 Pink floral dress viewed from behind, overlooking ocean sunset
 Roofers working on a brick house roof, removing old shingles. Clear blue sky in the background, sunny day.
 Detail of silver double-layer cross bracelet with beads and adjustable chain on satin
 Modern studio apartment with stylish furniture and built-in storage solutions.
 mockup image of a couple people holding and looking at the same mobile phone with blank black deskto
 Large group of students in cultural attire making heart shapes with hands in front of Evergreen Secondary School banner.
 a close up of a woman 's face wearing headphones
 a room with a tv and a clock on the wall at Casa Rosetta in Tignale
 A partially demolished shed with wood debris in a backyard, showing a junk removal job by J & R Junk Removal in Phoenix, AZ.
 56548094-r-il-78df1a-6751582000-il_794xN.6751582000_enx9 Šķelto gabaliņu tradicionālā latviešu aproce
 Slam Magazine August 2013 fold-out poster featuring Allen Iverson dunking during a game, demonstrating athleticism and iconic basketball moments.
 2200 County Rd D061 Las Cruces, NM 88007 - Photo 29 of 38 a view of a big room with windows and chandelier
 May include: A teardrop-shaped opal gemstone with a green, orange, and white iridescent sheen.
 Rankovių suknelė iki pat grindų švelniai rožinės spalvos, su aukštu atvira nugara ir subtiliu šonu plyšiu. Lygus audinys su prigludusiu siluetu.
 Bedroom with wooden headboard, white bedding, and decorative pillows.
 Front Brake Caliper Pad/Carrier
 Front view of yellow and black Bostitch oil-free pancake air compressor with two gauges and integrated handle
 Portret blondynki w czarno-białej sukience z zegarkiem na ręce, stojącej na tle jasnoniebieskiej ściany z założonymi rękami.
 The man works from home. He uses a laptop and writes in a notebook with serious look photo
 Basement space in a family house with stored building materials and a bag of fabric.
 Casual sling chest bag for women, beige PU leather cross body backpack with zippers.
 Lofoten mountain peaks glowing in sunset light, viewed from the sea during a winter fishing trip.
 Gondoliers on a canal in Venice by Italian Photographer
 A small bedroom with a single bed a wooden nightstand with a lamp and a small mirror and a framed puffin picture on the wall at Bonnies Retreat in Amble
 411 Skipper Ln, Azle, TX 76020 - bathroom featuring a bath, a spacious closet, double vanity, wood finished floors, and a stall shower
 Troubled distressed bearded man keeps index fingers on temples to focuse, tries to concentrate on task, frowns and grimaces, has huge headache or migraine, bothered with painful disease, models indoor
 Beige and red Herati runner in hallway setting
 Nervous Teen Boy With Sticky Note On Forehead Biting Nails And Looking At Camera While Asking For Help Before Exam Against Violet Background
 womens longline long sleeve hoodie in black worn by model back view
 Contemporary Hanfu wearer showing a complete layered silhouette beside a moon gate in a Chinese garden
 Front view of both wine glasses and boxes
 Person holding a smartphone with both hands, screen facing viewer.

* What to produce
Restate the records above word for word.

* Completed task
 Pink floral dress viewed from behind, overlooking ocean sunset
 Roofers working on a brick house roof, removing old shingles. Clear blue sky in the background, sunny day.
 Detail of silver double-layer cross bracelet with beads and adjustable chain on satin
 Modern studio apartment with stylish furniture and built-in storage solutions.
 mockup image of a couple people holding and looking at the same mobile phone with blank black deskto
 Large group of students in cultural attire making heart shapes with hands in front of Evergreen Secondary School banner.
 a close up of a woman 's face wearing headphones
 a room with a tv and a clock on the wall at Casa Rosetta in Tignale
 A partially demolished shed with wood debris in a backyard, showing a junk removal job by J & R Junk Removal in Phoenix, AZ.
 56548094-r-il-78df1a-6751582000-il_794xN.6751582000_enx9 Šķelto gabaliņu tradicionālā latviešu aproce
 Slam Magazine August 2013 fold-out poster featuring Allen Iverson dunking during a game, demonstrating athleticism and iconic basketball moments.
 2200 County Rd D061 Las Cruces, NM 88007 - Photo 29 of 38 a view of a big room with windows and chandelier
 May include: A teardrop-shaped opal gemstone with a green, orange, and white iridescent sheen.
 Rankovių suknelė iki pat grindų švelniai rožinės spalvos, su aukštu atvira nugara ir subtiliu šonu plyšiu. Lygus audinys su prigludusiu siluetu.
 Bedroom with wooden headboard, white bedding, and decorative pillows.
 Front Brake Caliper Pad/Carrier
 Front view of yellow and black Bostitch oil-free pancake air compressor with two gauges and integrated handle
 Portret blondynki w czarno-białej sukience z zegarkiem na ręce, stojącej na tle jasnoniebieskiej ściany z założonymi rękami.
 The man works from home. He uses a laptop and writes in a notebook with serious look photo
 Basement space in a family house with stored building materials and a bag of fabric.
 Casual sling chest bag for women, beige PU leather cross body backpack with zippers.
 Lofoten mountain peaks glowing in sunset light, viewed from the sea during a winter fishing trip.
 Gondoliers on a canal in Venice by Italian Photographer
 A small bedroom with a single bed a wooden nightstand with a lamp and a small mirror and a framed puffin picture on the wall at Bonnies Retreat in Amble
 411 Skipper Ln, Azle, TX 76020 - bathroom featuring a bath, a spacious closet, double vanity, wood finished floors, and a stall shower
 Troubled distressed bearded man keeps index fingers on temples to focuse, tries to concentrate on task, frowns and grimaces, has huge headache or migraine, bothered with painful disease, models indoor
 Beige and red Herati runner in hallway setting
 Nervous Teen Boy With Sticky Note On Forehead Biting Nails And Looking At Camera While Asking For Help Before Exam Against Violet Background
 womens longline long sleeve hoodie in black worn by model back view
 Contemporary Hanfu wearer showing a complete layered silhouette beside a moon gate in a Chinese garden
 Front view of both wine glasses and boxes
 Person holding a smartphone with both hands, screen facing viewer.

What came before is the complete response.